Hendrick Hamel is in 1630 in Gorinchem geboren. Op 17 november 1650 verliet hij Nederland aan boord van het jacht Vogelstruis als bosschieter. Op 4 juli 1651 kwam hij aan in Batavia. Verder is er betrekkelijk weinig bekend over Hendrick Hamel. Hij is beroemd geworden dankzij het rapport, het "Journael" dat hij voor de Gouverneur-Generaal en de Heren XVII heeft geschreven naar aanleiding van de opmerkelijke belevenissen van de schipbreukelingen van de Sperwer, in 1653 gestrand op een eilandje voor Korea. Het Journael is bewaard gebleven en ligt in het Nationaal Archief in Den Haag. De kopie die voor het archief in Batavia is gemaakt, is verloren gegaan.

Op 18 juni 1653 vertrok Hamel als boekhouder aan boord van het jacht Sperwer van Batavia naar Formosa (Taiwan).

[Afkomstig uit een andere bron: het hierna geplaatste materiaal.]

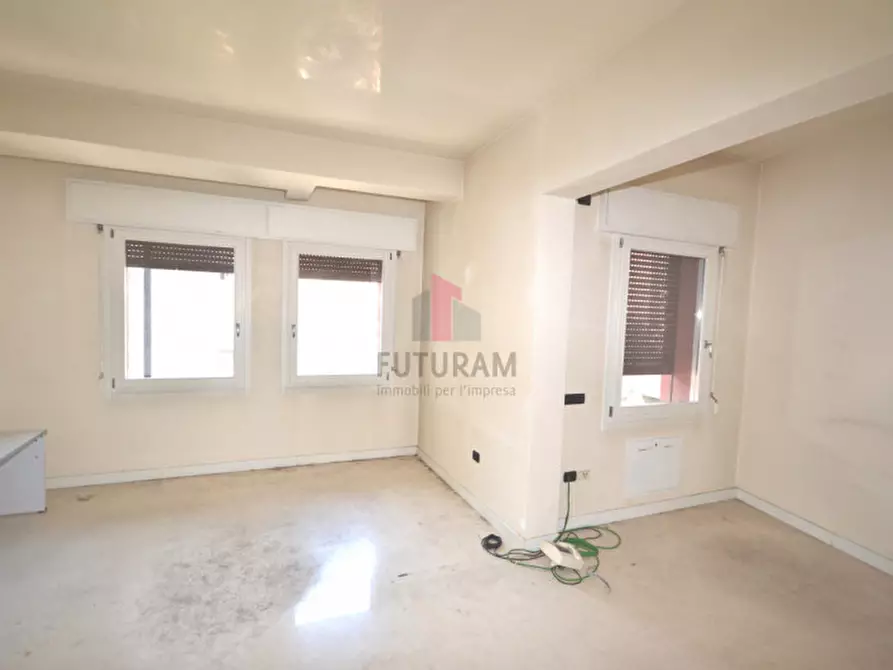 Immagine 2 di Ufficio in affitto  in vicenza viale san lazzaro a Vicenza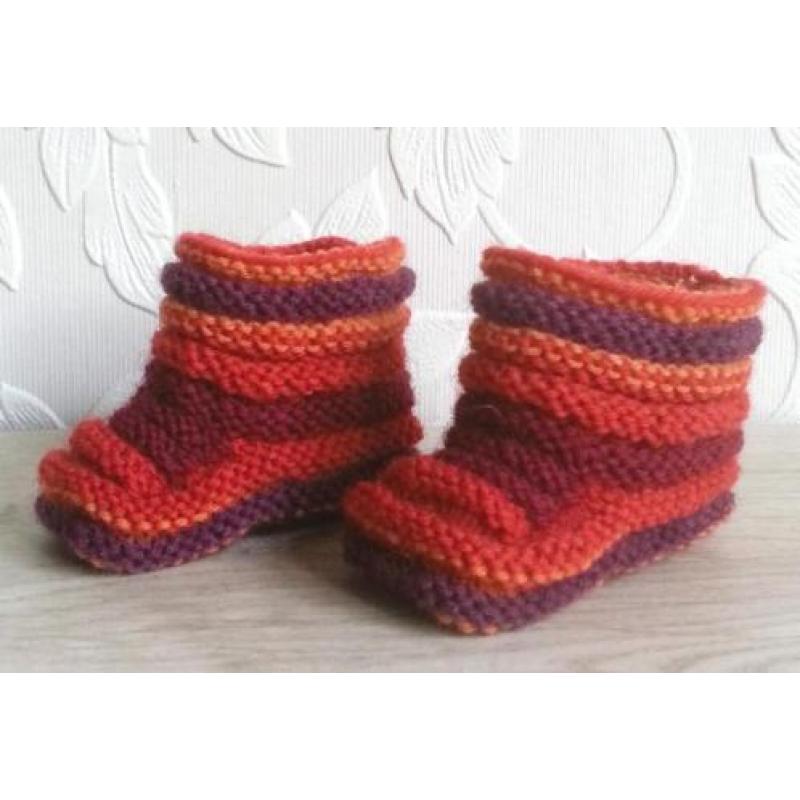 Baby Booties 0-3 m. multicolor rood, babyslofjes handgebreid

Aan boord was Cornelis Caesar die de gouverneur van Formosa zou aflossen. Ook wachtten ze nog geruime tijd op soldaten, maar die kwamen niet. Met enig oponthoud hierdoor bereikte het schip zonder problemen op 16 juli 1653 Formosa. Na de nieuwe gouverneur van Formosa afgeleverd te hebben, zette de Sperwer koers richting Nagasaki in Japan. Hevige storm drijft hen echter in de richting van China. Ze zagen mannen op het strand lopen maar omdat ze meenden dat schipbreukelingen voor de lading werden vermoord, gingen ze niet aan land. Gelukkig slaagden ze er in van de Chinese kust af te komen. In de dagenlang durende storm liepen ze op 16 augustus 1653 op de onder water gelegen rotsen aan de zuidkust van het Koreaanse eiland Cheju, door Hamel Quelpaerts Eiland genoemd. Van de 64 man die aan boord waren overleefden 36 de schipbreuk.

Om de historische band tussen Zuid-korea en Nederland te herinneren is op het eiland Jeju is het VOC-schip de ‘Sperwer' op ware (of driekwart?) grootte nagebouwd. Het staat op het droge in Seogwipo, een stad aan de zuidkustvan het eiland.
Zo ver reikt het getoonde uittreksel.